Strengths & Weaknesses
- Freehold tenure — no lease decay, full perpetual ownership
- 0.18km to Telok Kurau Primary — Phase 2B 1km priority catchment
- S$1,416 psf entry — 45–50% below new D15 launches (Grand Dunman, EOK, Continuum)
- PSF trending up steadily: +23% over three years (S$1,154 → S$1,416)
- Three MRT stations within 1.25km — Marine Terrace TEL, Kembangan EWL, Siglap TEL
- Quiet, low-traffic Lorong L lane — residential lane character, not busy arterial
- Larger unit sizes typical of older boutique developments vs new-launch compact layouts
- East Coast Park and Katong F&B within easy cycling / driving distance
- Chung Cheng High and East Coast Primary within school registration catchment
- Freehold land likely to attract en-bloc developer interest as precinct redevelops
- Only 5 resale transactions over 12 months — thin liquidity and slow price discovery
- Minimal facilities — basic pool and gym only, no clubhouse or children's amenities
- Rental yield 3.76% based on just 7 rental records — indicative, not statistically robust
- Interior finishes reflect construction era — full renovation budget S$40,000–80,000
- Investment score 37/100 and ShiokNest score 28/100 reflect illiquidity caution
- All three MRT stations are 0.72km+ away — no genuine walk-in-5-minutes option
- 16-unit sinking fund concentration — major repair costs hit per-unit budget hard
- Limited rental demand visibility makes long-hold income projections uncertain
- No on-site management or concierge — relies on MCST self-management by 16 owners
Verdict
Livingston Mansions is a development where the investment case and the lifestyle case appeal to almost entirely different buyer types, and understanding which you are is the prerequisite to a rational decision. For the family buyer, the thesis is clean: freehold title in D15, 0.18 km from Telok Kurau Primary, larger-than-new-build unit sizes, and a quiet residential lane — all at a psf that is roughly 45–50% below what The Continuum or Emerald of Katong are clearing. If the school catchment matters and the facilities trade-off is acceptable, this is hard to replicate at the price.
For the investor, the picture requires more nuance. The URA rental data shows only 7 rental transactions, producing a gross yield of 3.76% — broadly in line with the D15 average but not the yield premium you might hope for at this price point. The thin rental sample means the 3.76% figure is indicative rather than statistically robust. The development’s 16-unit scale also means market liquidity is low: 5 sales over 12 months sets a thin transaction base, and when you need to exit, finding a buyer at your target price may take longer than at a larger development where comparables accumulate faster. The ShiokNest score of 28/100 and investment score of 37/100 honestly reflect this illiquidity caution.

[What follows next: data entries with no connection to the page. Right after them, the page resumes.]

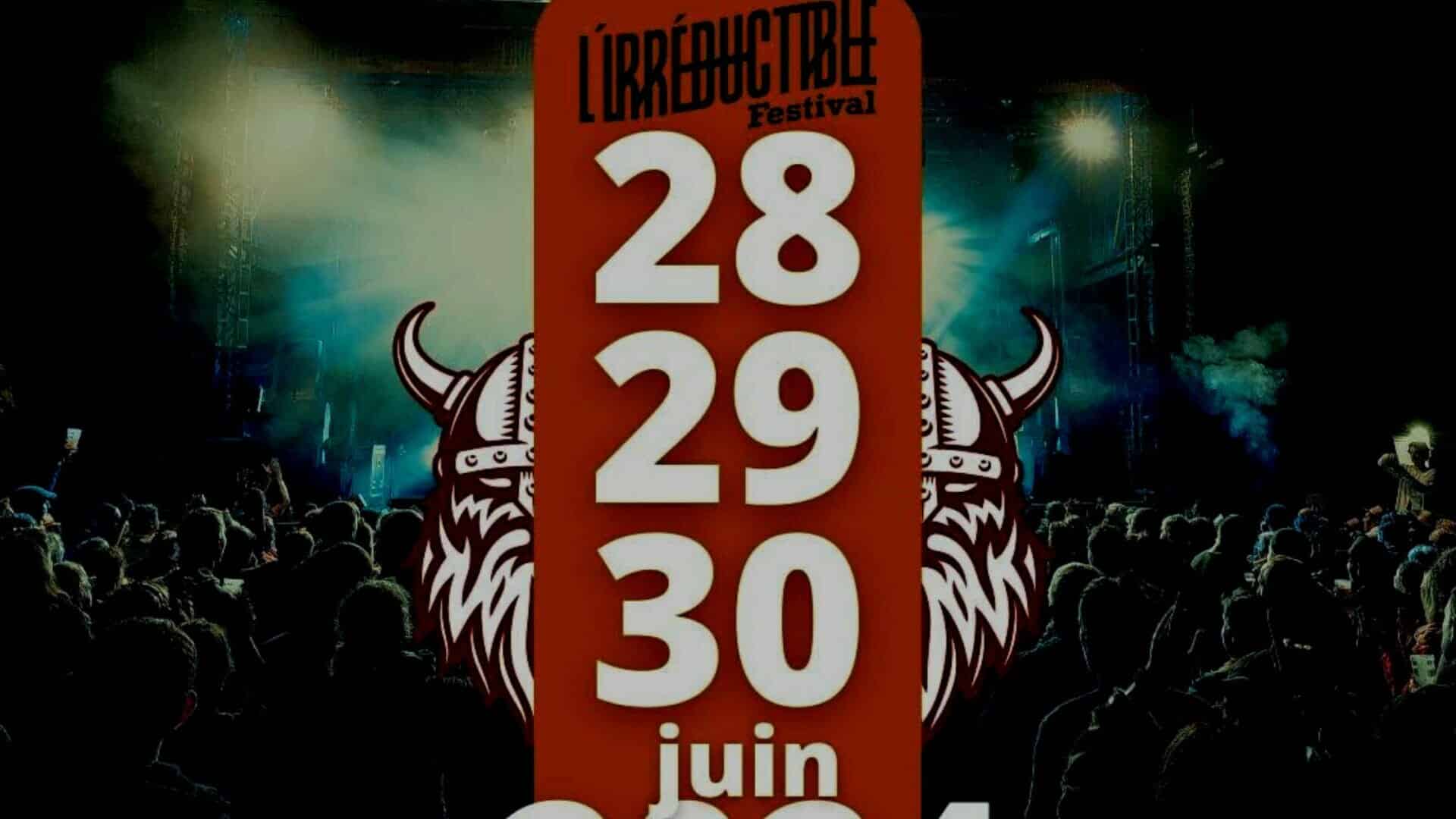L’irréductible Festival, du 28 au 30 Juin 2024 à Quimper (29)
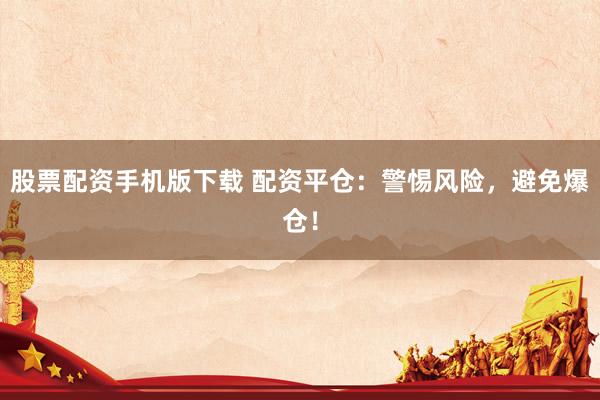 股票配资手机版下载 配资平仓：警惕风险，避免爆仓！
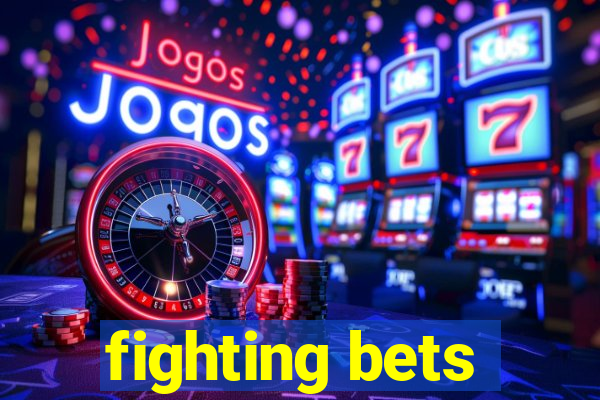 fighting bets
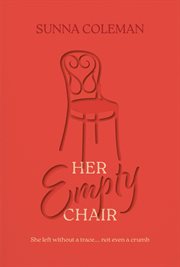 Her Empty Chair : She left without a trace... not even a crumb cover image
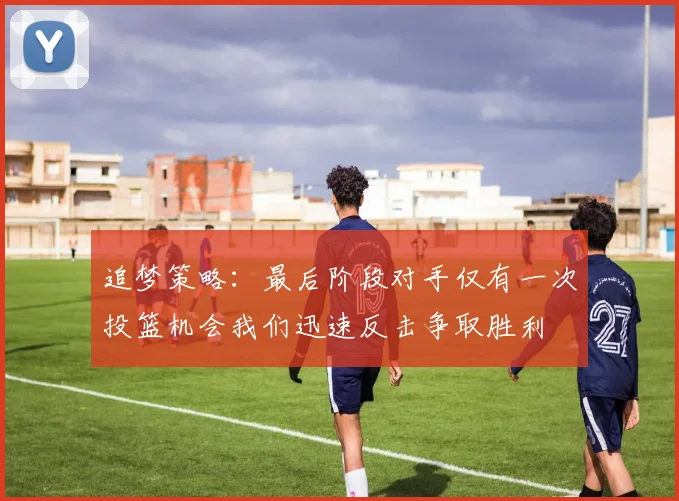 追梦策略：最后阶段对手仅有一次投篮机会我们迅速反击争取胜利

The en-bloc angle is worth considering but should not be the primary thesis. At 16 units, a collective sale requires near-unanimous buy-in among a small ownership group, making it both easier to organise and more susceptible to individual holdouts. The freehold title makes the land appeal to developers, and the Telok Kurau corridor has seen en-bloc activity in adjacent sites. That said, holding a development specifically for en-bloc potential is a speculative strategy that has disappointed many D15 boutique owners over the past decade. Buy it for the lifestyle first; treat any collective sale as a windfall, not a plan.